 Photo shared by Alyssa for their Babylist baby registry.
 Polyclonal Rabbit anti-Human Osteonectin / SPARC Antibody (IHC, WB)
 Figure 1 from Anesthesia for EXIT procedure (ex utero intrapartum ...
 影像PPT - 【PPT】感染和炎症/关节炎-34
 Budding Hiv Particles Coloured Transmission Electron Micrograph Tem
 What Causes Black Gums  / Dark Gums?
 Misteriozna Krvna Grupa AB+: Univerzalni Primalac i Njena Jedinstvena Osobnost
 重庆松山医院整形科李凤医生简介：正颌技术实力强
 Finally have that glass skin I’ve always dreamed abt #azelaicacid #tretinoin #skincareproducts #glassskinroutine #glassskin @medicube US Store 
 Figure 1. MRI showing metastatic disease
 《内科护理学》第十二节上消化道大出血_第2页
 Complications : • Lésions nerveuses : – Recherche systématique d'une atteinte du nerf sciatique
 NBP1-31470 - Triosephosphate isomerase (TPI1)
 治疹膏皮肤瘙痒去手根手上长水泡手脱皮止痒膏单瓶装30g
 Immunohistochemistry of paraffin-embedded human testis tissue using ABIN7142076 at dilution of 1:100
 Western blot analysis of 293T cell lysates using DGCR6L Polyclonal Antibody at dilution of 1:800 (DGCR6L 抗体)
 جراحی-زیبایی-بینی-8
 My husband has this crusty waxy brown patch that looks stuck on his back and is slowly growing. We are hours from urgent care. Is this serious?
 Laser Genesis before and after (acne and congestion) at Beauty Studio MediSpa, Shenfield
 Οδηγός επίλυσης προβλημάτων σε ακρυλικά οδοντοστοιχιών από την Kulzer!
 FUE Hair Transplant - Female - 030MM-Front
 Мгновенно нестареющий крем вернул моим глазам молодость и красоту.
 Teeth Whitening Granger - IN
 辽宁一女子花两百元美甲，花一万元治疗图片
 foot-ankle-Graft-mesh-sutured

----------------------------------------

Filter the entries down to the lines holding the string "from". Copy each of those lines.

*TASK RESULT*:
 Figure 1 from Anesthesia for EXIT procedure (ex utero intrapartum ...
 My husband has this crusty waxy brown patch that looks stuck on his back and is slowly growing. We are hours from urgent care. Is this serious?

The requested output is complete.